_Supplied information_.
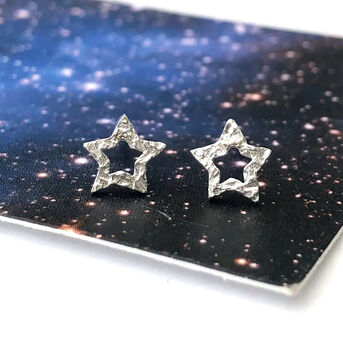 Sterling Silver Mini Hollow Star Earrings, 5 of 9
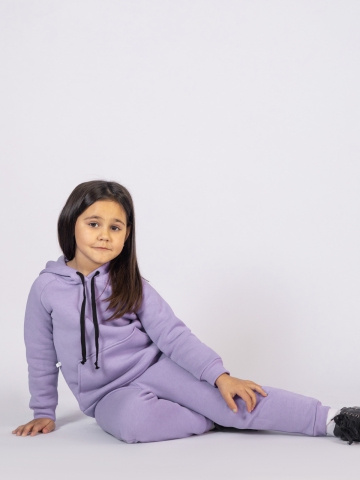 296-СР. Свитшот с капюшоном  + Штаны, хлопок 65%, 35% ПЭ, 3-х нитка (начес) сирень 80,86,92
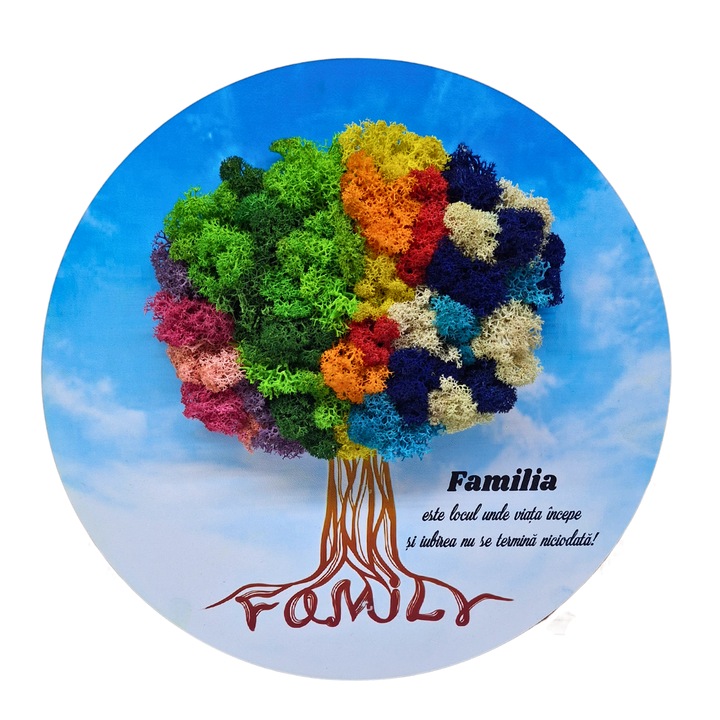 Tablou din lemn rotund, diametru 30 cm - Familia este locul unde viata incepe - v1, decorat cu licheni stabilizati multicolor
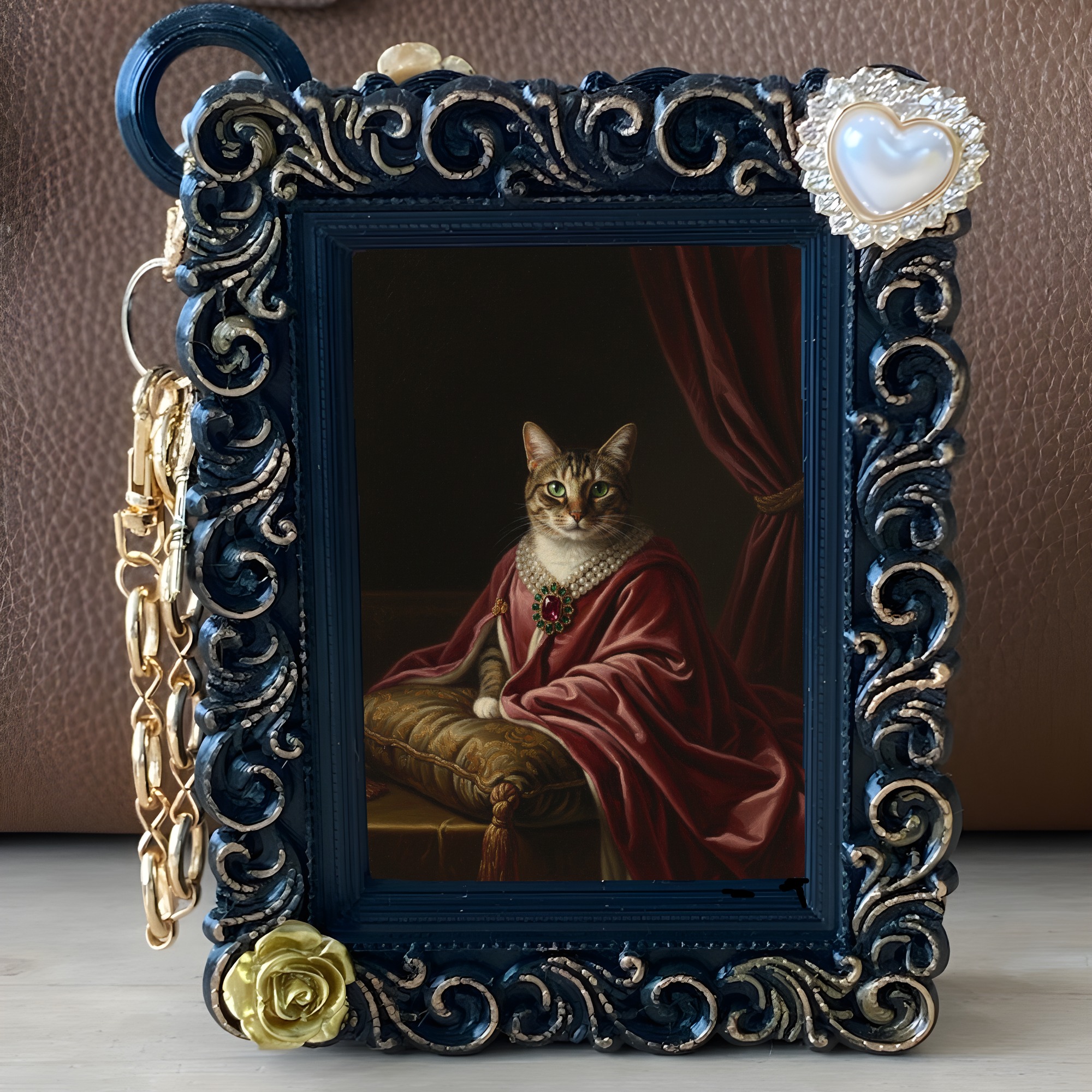 猫のルネサンス肖像画バッグチャーム(ブラック)(5枚目)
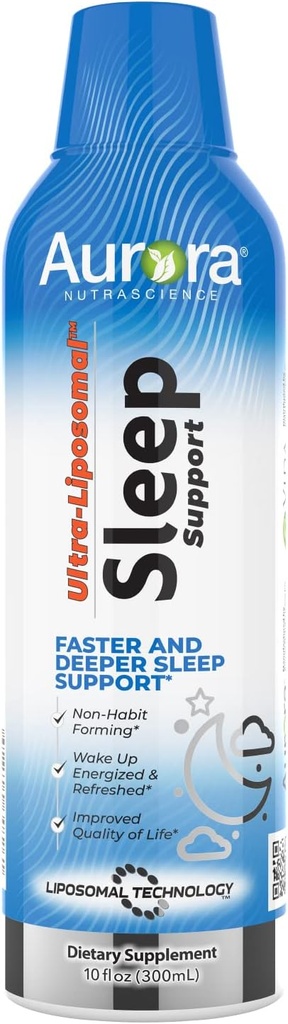 Vida Lifescience Aurora Nutrascience Ultra-Liposomal Sleep Support, Includes Melatonin, L-Theanin, Ashwagandha and Calming Chamomile, Mușetel, 30 Servings, 10 fl oz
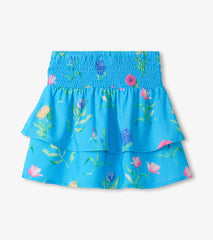 Girls Hyper Real Floral Smocked Waist Skirt
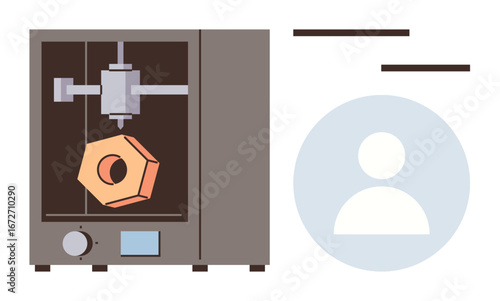 3D printer crafting a hexagonal object, alongside user profile graphic. Ideal for technology, innovation, manufacturing, engineering, design, creativity education. A simple flat metaphor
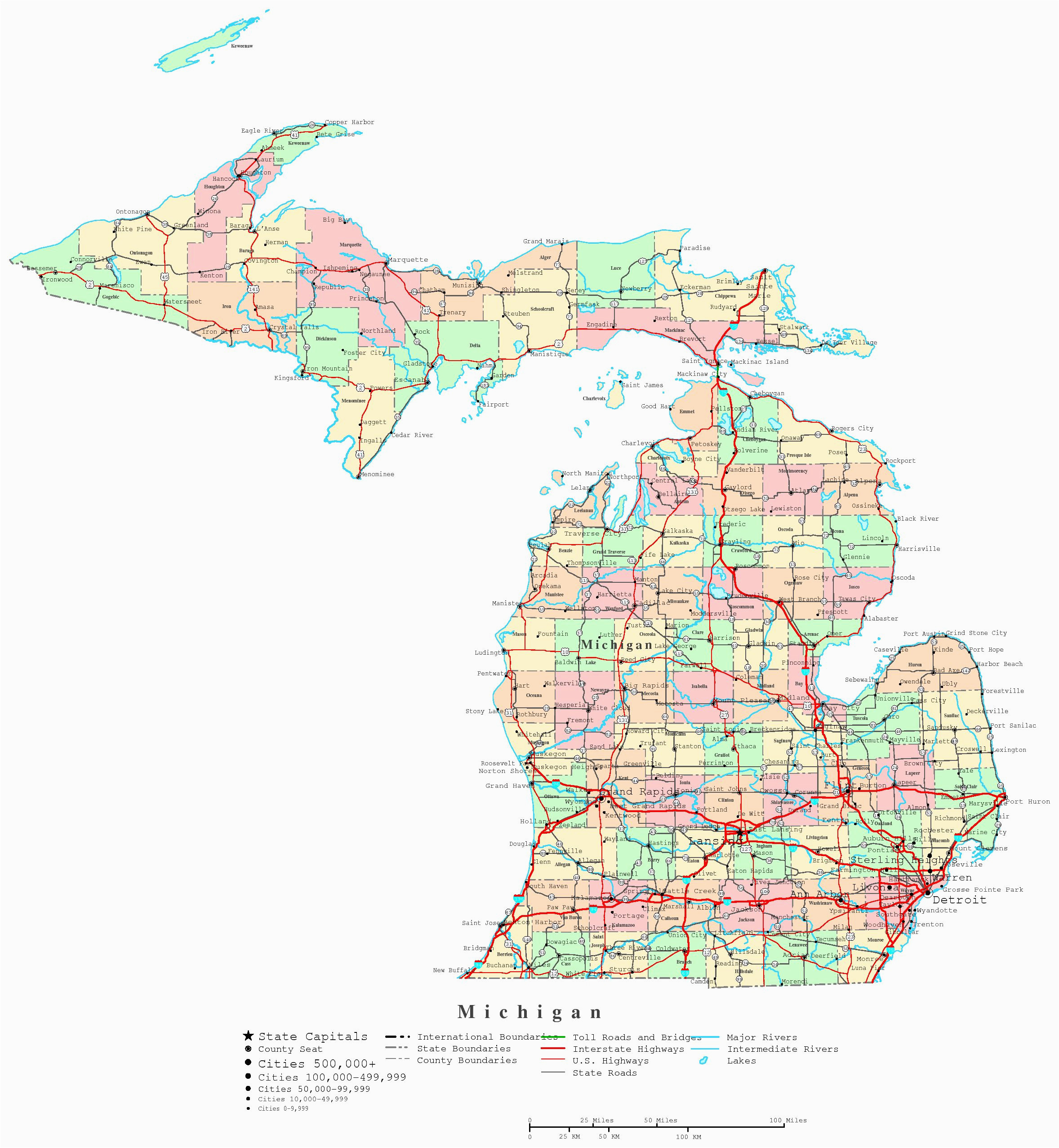 Map Of Michigan Upper Peninsula Cities Michigan Map with Cities and Counties Maps Directions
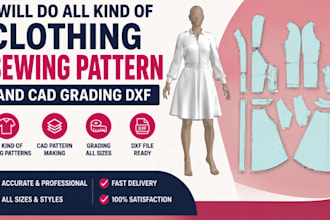 do all kind of clothing sewing pattern and cad grading dxf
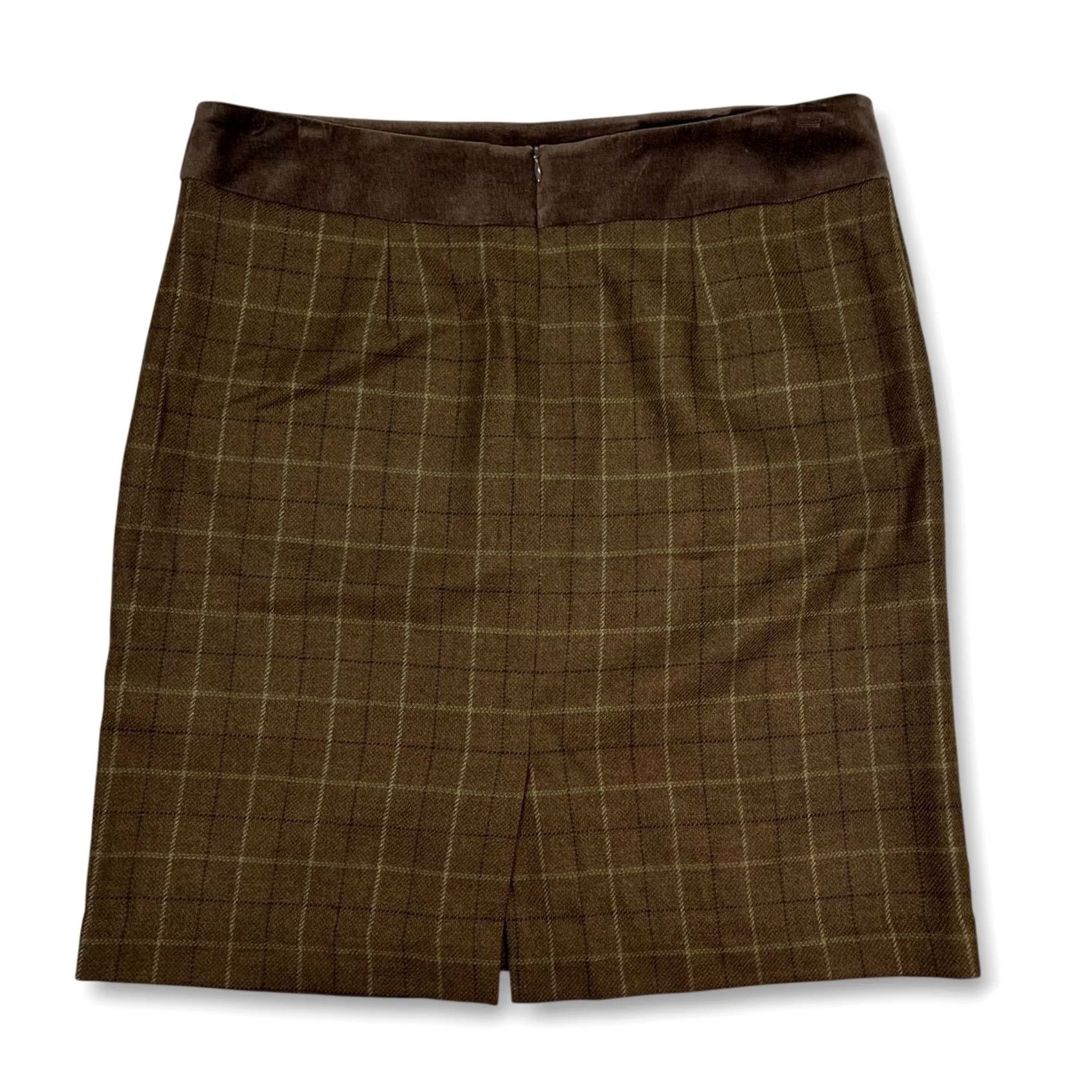 J.McLaughlin VINTAGE? No. J.McLaughlin Wool Brown Plaid Knee Length Skirt Women's Size 12 Size 34" / US 12 / IT 48 - 2 Thumbnail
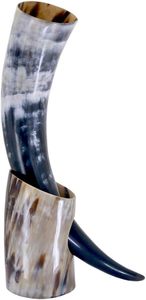 Vaso para Beber de Cuerno de Búfalo, Forma Natural, Pulido, Estilo Rústico, Coleccionable, Correa de Cuero Resistente - Product Image 4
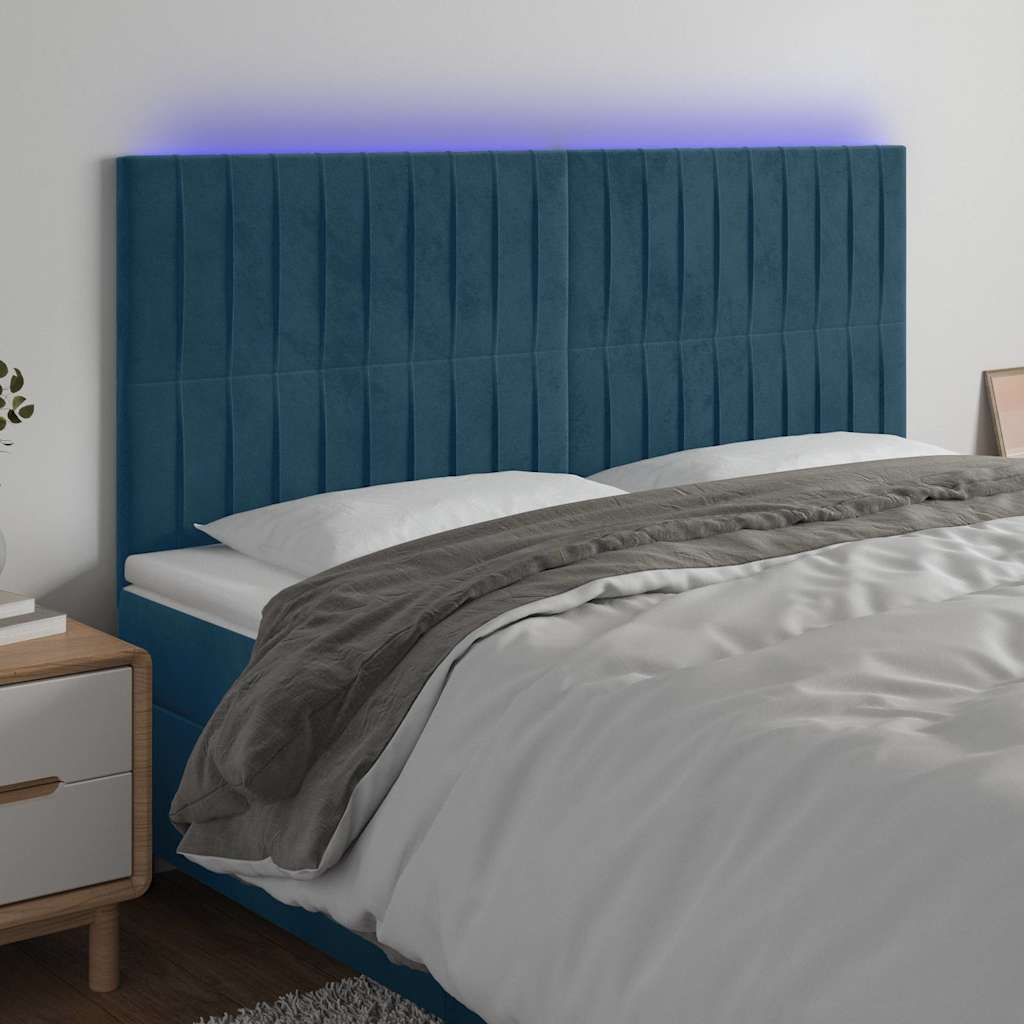 sengegavl med LED-lys 160x5x118/128 cm fløjl mørkeblå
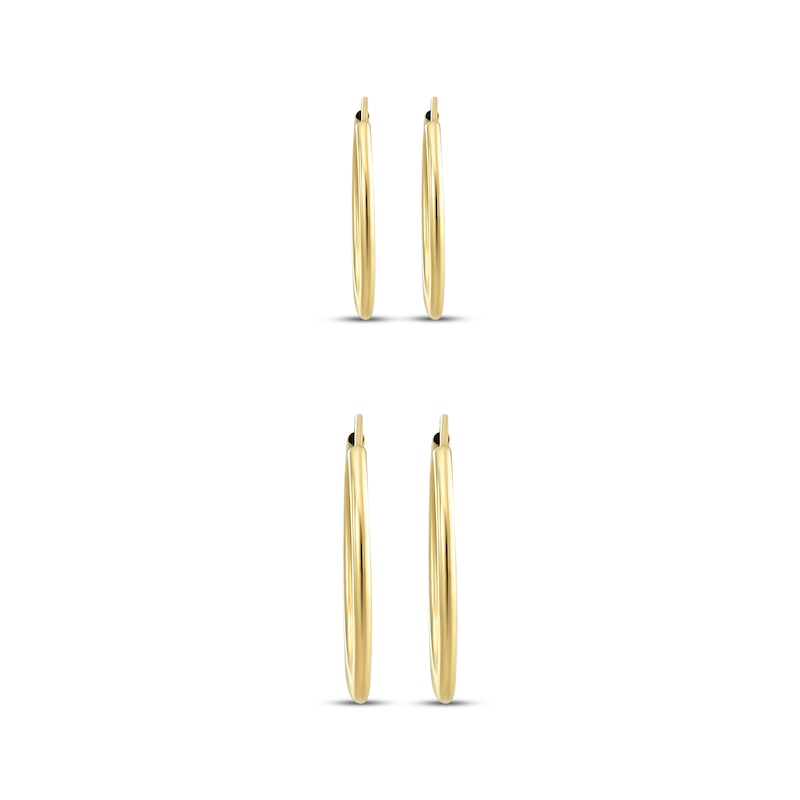 Endless Hoop Earrings Set 14K Yellow Gold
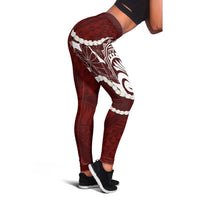 Aloha Hawaii Kalo Pikake Lei Leggings Chest Tattoo Oxblood Hawaiian Pattern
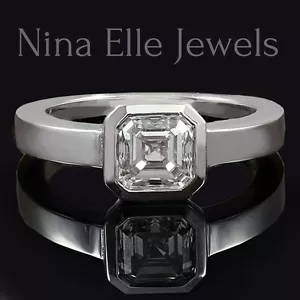 6.5mm Forever One Moissanite Asscher Cut Solitaire Engagement Ring - Picture 1 of 4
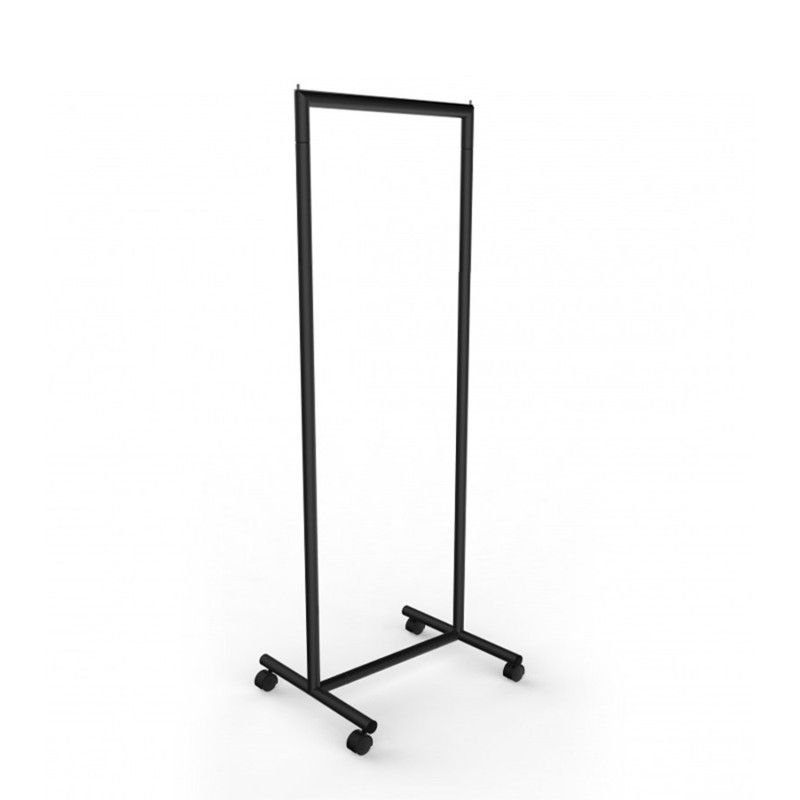 Black clothing rails with wheels 60cm wide 195cm high : Portants shopping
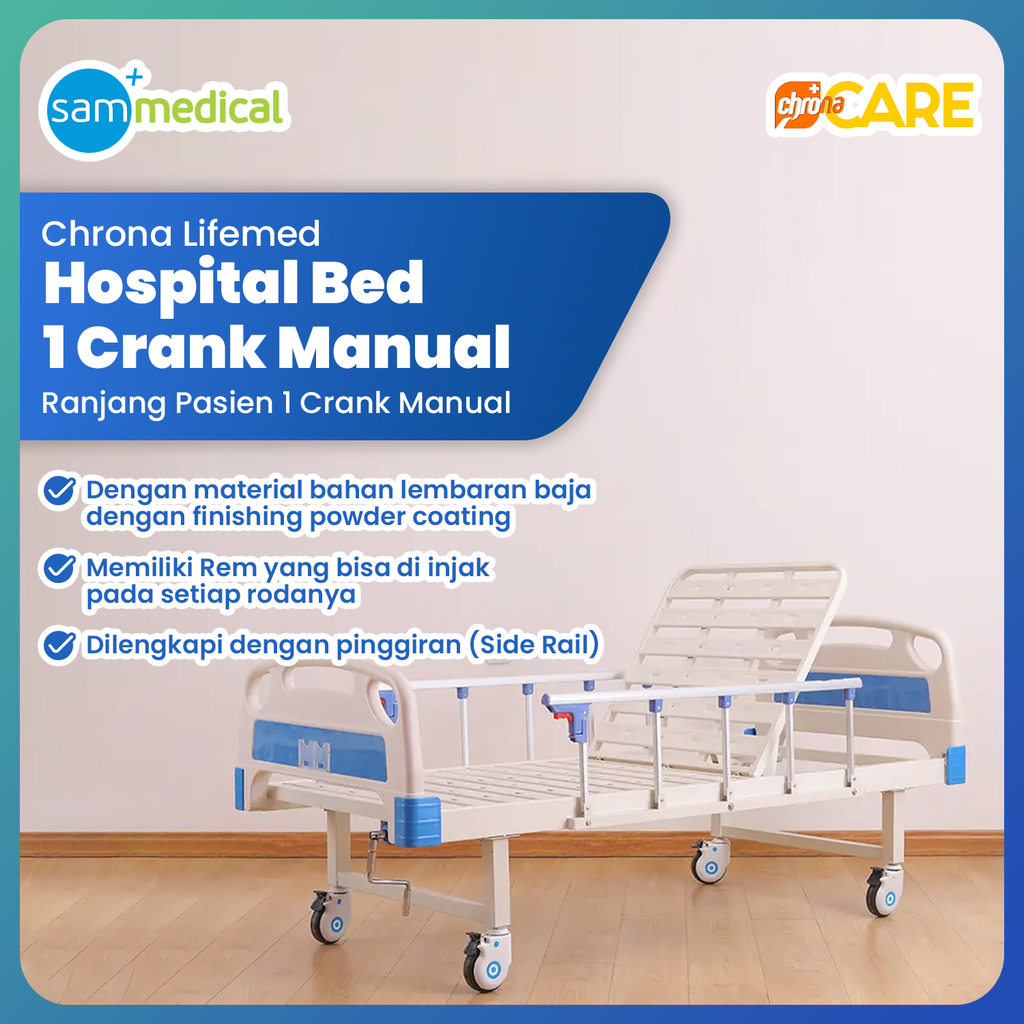 Chrona Lifemed Hospital Bed 1 Crank Manual Ekonomis GHA5-1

_About this task_.
Quote every entry exactly, with the pictures omitted.

_Answer_.
 Sterling Silver Mini Hollow Star Earrings, 5 of 9
 296-СР. Свитшот с капюшоном  + Штаны, хлопок 65%, 35% ПЭ, 3-х нитка (начес) сирень 80,86,92
 Tablou din lemn rotund, diametru 30 cm - Familia este locul unde viata incepe - v1, decorat cu licheni stabilizati multicolor
 猫のルネサンス肖像画バッグチャーム(ブラック)(5枚目)
 Vida Lifescience Aurora Nutrascience Ultra-Liposomal Sleep Support, Includes Melatonin, L-Theanin, Ashwagandha and Calming Chamomile, Mușetel, 30 Servings, 10 fl oz
 Girls Hyper Real Floral Smocked Waist Skirt
 3D printer crafting a hexagonal object, alongside user profile graphic. Ideal for technology, innovation, manufacturing, engineering, design, creativity education. A simple flat metaphor
 Map Of Michigan Upper Peninsula Cities Michigan Map with Cities and Counties Maps Directions
 do all kind of clothing sewing pattern and cad grading dxf
 J.McLaughlin VINTAGE? No. J.McLaughlin Wool Brown Plaid Knee Length Skirt Women's Size 12 Size 34" / US 12 / IT 48 - 2 Thumbnail
 Vaso para Beber de Cuerno de Búfalo, Forma Natural, Pulido, Estilo Rústico, Coleccionable, Correa de Cuero Resistente - Product Image 4
 sengegavl med LED-lys 160x5x118/128 cm fløjl mørkeblå
 Endless Hoop Earrings Set 14K Yellow Gold
 Aloha Hawaii Kalo Pikake Lei Leggings Chest Tattoo Oxblood Hawaiian Pattern
 6.5mm Forever One Moissanite Asscher Cut Solitaire Engagement Ring - Picture 1 of 4
 Black clothing rails with wheels 60cm wide 195cm high : Portants shopping
 Chrona Lifemed Hospital Bed 1 Crank Manual Ekonomis GHA5-1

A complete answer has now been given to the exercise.